Some of the major properties of carbon nanotubes are the optical properties. In science, if a macromolecule has optical properties that means that it is has properties relating to the principles of photoluminescence, light absorption and that it is able to register light on the Raman spectroscopy. The abilities associated with the optical physical properties of carbon nanotubes are as yet unclear, but it is possible that the carbon nanotube could have implications in the development of optics, photonics, LEDs (or Light Emitting Diodes) and even photo-detectors, among other optical devices.
But the properties of carbon nanotubes are not limited to optical properties. Thermal properties of carbon nanotubes have great implications for science as well. In some experiments, carbon nanotubes have been added to epoxy resin in a successful attempt to double the thermal conductivity in the resin. With this being achieved at only a 1% loading, the experiment proved that carbon nanotubes can be used successfully for thermal management applications when used as part of a composite material.

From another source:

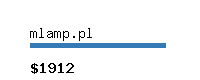 mlamp.pl Website value calculator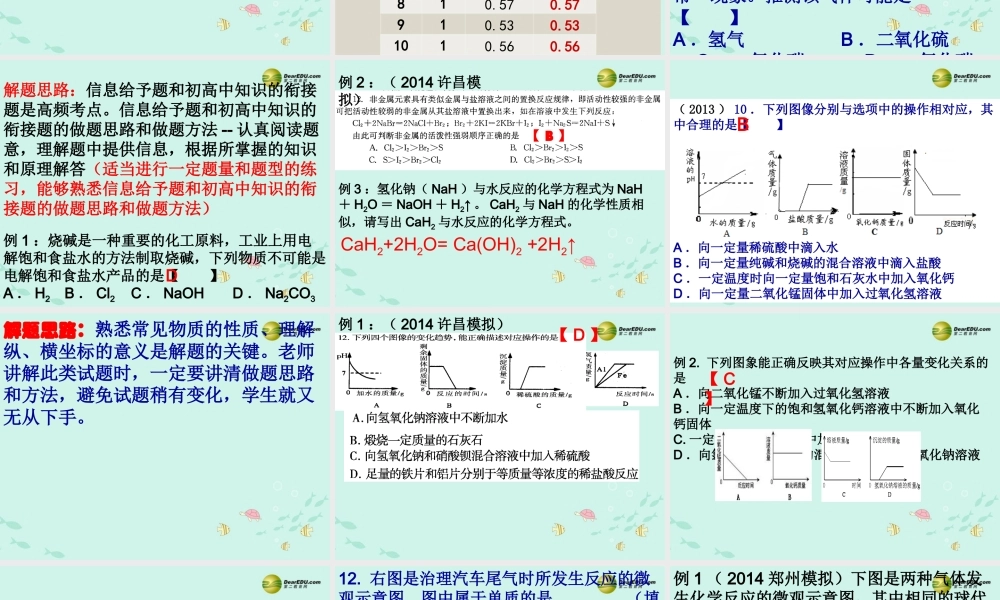 化学中招备考会课件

Additionally, nanotubes are said to have elastic properties as well. While these elastic properties are hotly debated in many scientific circles, it is agreed that carbon nanotubes are one of the most flexible macromolecules in existence today. While there are no defined uses for the extreme flexibility of carbon nanotubes, this elasticity could have implications for the develop of a wide variety of products, including bullet proof vests—though the strength of carbon nanotubes alone could merit this segue—and other safety devices.

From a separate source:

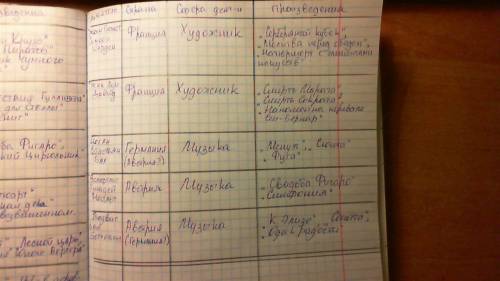 Таблица по 7 класс мир художественной культуры просвещение там: государство, название произведения,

Among the many physical properties of carbon nanotubes is the fact that this macromolecule is anisotropic which means that it is directionally dependent. On the other hand, isotropic molecules are not directionally dependent and do the same thing no matter which direction they are going or being pulled. This property is precisely how carbon nanotubes are able to fulfill the needs of many different physical properties without being deficient in any one area. The anisotropic properties of carbon nanotubes could have implications for a wide variety of fields, including but not limited to chemistry, computer graphics, wood and woodworking, real world imagery, geophysics, physics, medical acoustics, material science, engineering, microfabrication and a host of other fields of discovery and invention that are seeking the perfect solution to every problems.
Especially for these work, research and discovery areas the fact that carbon nanotubes are anisotropic means great things for the development of future projects. Not only will carbon nanotubes be able to assist in the enhancement of images seen on a screen, but those seen under a microscope, under the earth and in the sky as well. Additionally, it will be able to enhance dozens of other necessary operations, making these fields work more quickly and more accurately.

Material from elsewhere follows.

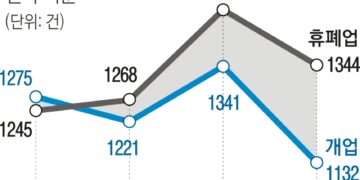 “6개월간 계약 0건”… 중개업소 5321곳 문 닫았다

The physical properties of carbon nanotubes have implications in a variety of work fields and in the way people live their every day lives. Because carbon nanotubes have the ability to work efficiently in several areas of physical property they will not only change the way the world views research and science, but how the world works—how fast it works, how efficiently it works and how well it works in tandem with each project that is presented.